I quickly fell in love with the job of the cinematographer – the steward of the image on film productions – and started inhaling all things cinematography-related; books, DVD behind the scenes featurettes, early internet forums, and the like. I was living in Israel at this point and very far from Hollywood, but after completing my mandatory military service, applied and got into NYU film school (without even visiting the campus – I was that determined to become a filmmaker that I went in blind) and moved to New York in 2010.

After a few years of struggling around doing odd jobs on various indie productions in New York, I finally managed to start establishing myself as a cinematographer and moved to Los Angeles in 2018 to continue the journey here. I’m still very much at the start of my career but am very lucky to have gotten to where I am so far, shooting various projects from feature films and shorts to commercials and music videos.

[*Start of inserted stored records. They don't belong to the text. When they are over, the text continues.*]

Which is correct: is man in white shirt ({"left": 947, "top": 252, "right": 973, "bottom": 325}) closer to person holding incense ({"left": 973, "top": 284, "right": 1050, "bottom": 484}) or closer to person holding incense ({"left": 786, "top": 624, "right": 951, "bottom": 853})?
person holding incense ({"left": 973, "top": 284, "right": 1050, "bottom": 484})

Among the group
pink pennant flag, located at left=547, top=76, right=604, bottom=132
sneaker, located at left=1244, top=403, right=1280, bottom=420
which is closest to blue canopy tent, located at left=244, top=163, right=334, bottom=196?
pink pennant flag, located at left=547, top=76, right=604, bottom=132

Alright, so let’s dig a little deeper into the story – has it been an easy path overall and if not, what were the challenges you’ve had to overcome?
The film industry is not an easy one to navigate – I am naturally an introvert and have always struggled with embracing the extroverted, it’s-all-about-who-you-know nature of the film industry, especially as someone who came into it from a country halfway across the world and with zero prior connections. It’s an incredibly competitive space, particularly in the field of cinematography, and it definitely took me a few years of living on the “ramen diet” as we used to call it in New York before finding my footing and being able to sustain myself from solely working as a cinematographer. Thankfully, things have very much stabilized over the past few years – I am very fortunate to have been able to get to the point I have reached in my career, but it took quite a few years of feeling around in the dark before we found the path.

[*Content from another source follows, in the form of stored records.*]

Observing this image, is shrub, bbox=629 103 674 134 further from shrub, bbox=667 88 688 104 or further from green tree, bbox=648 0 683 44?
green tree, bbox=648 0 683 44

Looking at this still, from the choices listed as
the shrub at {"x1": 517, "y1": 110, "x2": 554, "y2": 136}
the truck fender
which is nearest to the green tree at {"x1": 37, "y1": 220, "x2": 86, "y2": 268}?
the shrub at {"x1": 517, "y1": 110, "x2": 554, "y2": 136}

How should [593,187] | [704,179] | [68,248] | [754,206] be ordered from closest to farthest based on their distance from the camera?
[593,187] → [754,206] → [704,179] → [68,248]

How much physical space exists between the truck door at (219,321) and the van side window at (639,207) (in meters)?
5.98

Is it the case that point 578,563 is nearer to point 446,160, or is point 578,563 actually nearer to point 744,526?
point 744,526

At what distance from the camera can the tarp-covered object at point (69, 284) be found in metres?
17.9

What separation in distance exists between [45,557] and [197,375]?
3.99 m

Can you tell our readers more about what you do and what you think sets you apart from others?
As a cinematographer, my work lives at the nexus of the technical and artistic – I am responsible for running both the lighting and the camera departments on various film and commercial productions. I have always been interested in technology but more than that, I am drawn to the artistic and aesthetic aspects of this job – I see it as a direct line from the dinosaur drawings I used to do as a kid. As cinematographers, we are ultimately beholden to the visual needs and wants of the particular project we are working on and the director at the helm of that project; that said, I definitely have a certain set of aesthetic qualities – light, color, and composition – that I personally find attractive and interesting. And as with most artists, those interests and attractions change over time, but that’s part of the fun – continuing to evolve and grow as an artist, to refine one’s taste, learn and try new things, and pivoting when your taste takes you down a new path, or a project comes along that really challenges you.

Risk taking is a topic that people have widely differing views on – we’d love to hear your thoughts.
I am incredibly risk-averse in my personal life and have always needed order and careful planning to navigate it – I’m the kind of person who makes a carefully curated daily itinerary when I plan a vacation or holiday. Filmmaking is a craft that also values careful planning and a certain level of risk-aversion, particularly around issues of safety on set (as we tragically saw recently with the incident on the set of the indie feature Rust a few months ago.) That said – taking calculated risks is something that I certainly see the value of, especially when it comes to taking creative risks; those can often result in far more interesting art than always playing it safe.